**WORK INSTRUCTIONS:** Pictures do not belong in the copy. Output exactly the lines from the one containing "Securing Degrees concept 1" to the end of the listing below.

(Beginning of DATA SEGMENT)

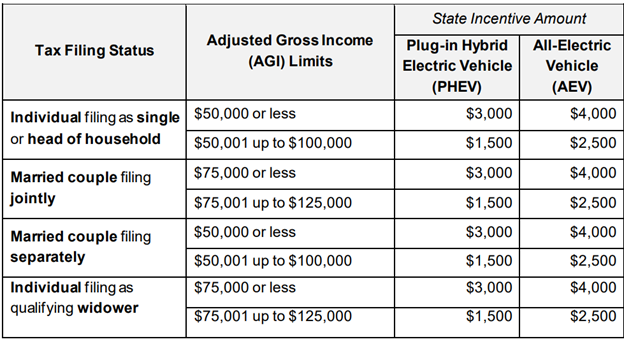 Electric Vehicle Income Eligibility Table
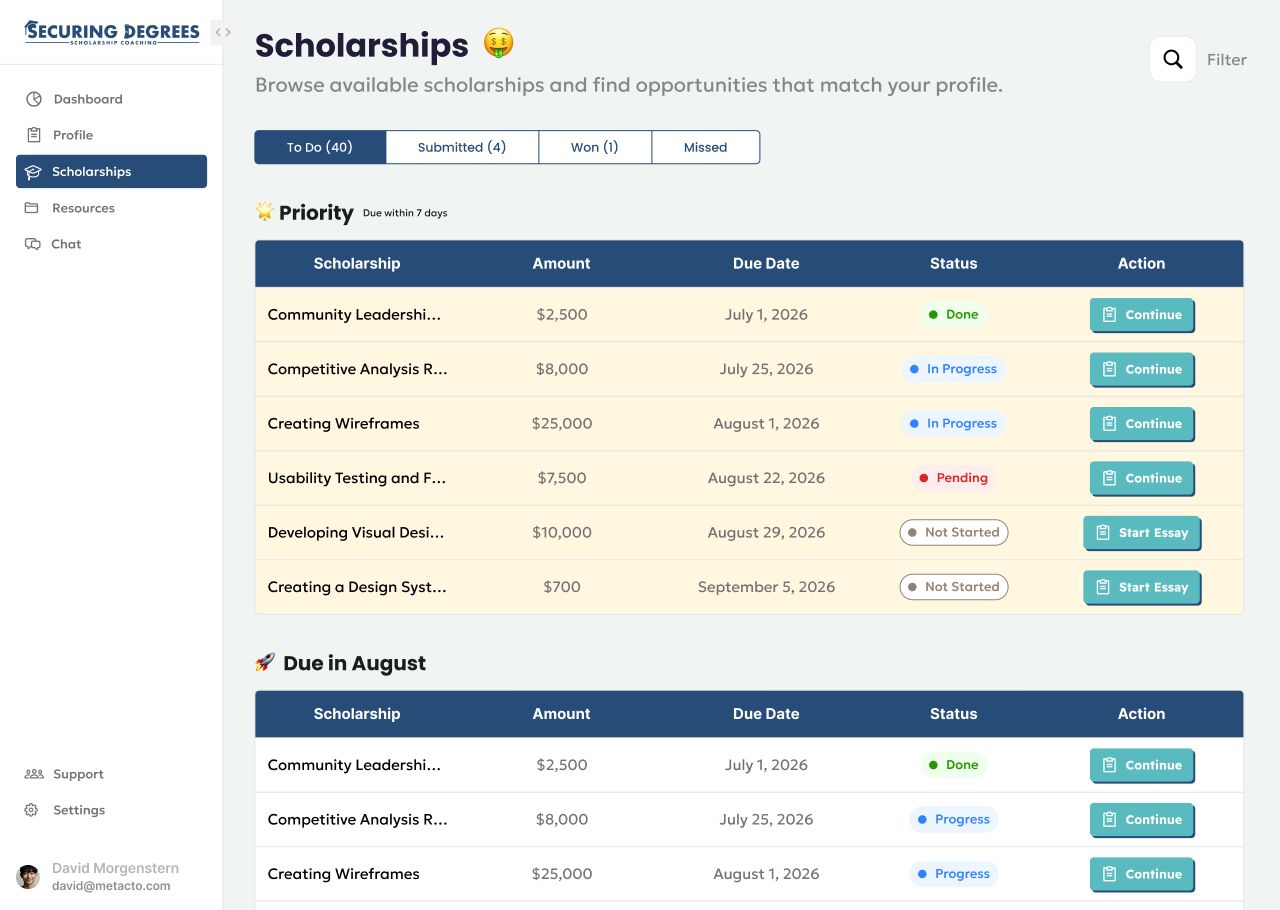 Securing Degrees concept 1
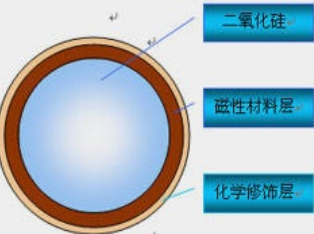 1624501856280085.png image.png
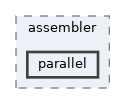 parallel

(End of DATA SEGMENT)

**EXPECTED ANSWER:**
 Securing Degrees concept 1
 1624501856280085.png image.png
 parallel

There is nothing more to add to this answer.